◆ TASK TO CARRY OUT ◆
Determine how many lines in the records hold "Tent", and give that number with nothing added.

◆ EXTRACTED DATA ◆
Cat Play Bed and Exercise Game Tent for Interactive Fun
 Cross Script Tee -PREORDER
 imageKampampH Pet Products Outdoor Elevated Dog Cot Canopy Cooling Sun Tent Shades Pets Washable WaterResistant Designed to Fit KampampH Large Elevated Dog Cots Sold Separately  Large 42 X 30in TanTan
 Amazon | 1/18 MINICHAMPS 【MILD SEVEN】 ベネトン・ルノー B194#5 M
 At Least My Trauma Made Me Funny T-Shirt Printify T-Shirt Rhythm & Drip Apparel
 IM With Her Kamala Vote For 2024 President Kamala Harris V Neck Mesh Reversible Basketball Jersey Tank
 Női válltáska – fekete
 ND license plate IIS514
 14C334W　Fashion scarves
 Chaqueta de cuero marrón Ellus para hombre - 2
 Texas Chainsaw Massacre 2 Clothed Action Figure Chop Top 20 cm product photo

◆ COMPLETED TASK ◆
2